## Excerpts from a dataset

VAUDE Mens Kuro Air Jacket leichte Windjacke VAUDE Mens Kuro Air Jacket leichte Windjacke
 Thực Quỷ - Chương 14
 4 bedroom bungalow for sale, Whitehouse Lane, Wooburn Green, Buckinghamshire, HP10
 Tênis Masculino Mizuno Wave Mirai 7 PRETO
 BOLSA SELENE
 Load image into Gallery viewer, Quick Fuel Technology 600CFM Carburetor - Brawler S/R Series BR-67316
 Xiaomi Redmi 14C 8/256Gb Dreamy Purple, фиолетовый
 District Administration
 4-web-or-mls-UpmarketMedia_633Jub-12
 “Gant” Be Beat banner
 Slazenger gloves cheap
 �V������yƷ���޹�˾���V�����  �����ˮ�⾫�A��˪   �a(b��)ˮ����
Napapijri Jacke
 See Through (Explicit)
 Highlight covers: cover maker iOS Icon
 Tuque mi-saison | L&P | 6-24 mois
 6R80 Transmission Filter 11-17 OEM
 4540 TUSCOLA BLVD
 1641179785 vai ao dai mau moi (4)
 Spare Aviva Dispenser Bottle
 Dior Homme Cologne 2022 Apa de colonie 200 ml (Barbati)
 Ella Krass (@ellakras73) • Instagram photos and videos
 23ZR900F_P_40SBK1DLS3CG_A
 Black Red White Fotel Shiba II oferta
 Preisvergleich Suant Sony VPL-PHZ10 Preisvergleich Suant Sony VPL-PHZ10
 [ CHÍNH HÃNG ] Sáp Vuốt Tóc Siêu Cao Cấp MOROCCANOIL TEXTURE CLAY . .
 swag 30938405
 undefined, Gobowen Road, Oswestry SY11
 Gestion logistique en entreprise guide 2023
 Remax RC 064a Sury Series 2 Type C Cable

## Exercise requirements
Reproduce the records above exactly, starting with the line that contains "6R80 Transmission Filter 11-17 OEM" and ending with the last line.

## Problem solution
 6R80 Transmission Filter 11-17 OEM
 4540 TUSCOLA BLVD
 1641179785 vai ao dai mau moi (4)
 Spare Aviva Dispenser Bottle
 Dior Homme Cologne 2022 Apa de colonie 200 ml (Barbati)
 Ella Krass (@ellakras73) • Instagram photos and videos
 23ZR900F_P_40SBK1DLS3CG_A
 Black Red White Fotel Shiba II oferta
 Preisvergleich Suant Sony VPL-PHZ10 Preisvergleich Suant Sony VPL-PHZ10
 [ CHÍNH HÃNG ] Sáp Vuốt Tóc Siêu Cao Cấp MOROCCANOIL TEXTURE CLAY . .
 swag 30938405
 undefined, Gobowen Road, Oswestry SY11
 Gestion logistique en entreprise guide 2023
 Remax RC 064a Sury Series 2 Type C Cable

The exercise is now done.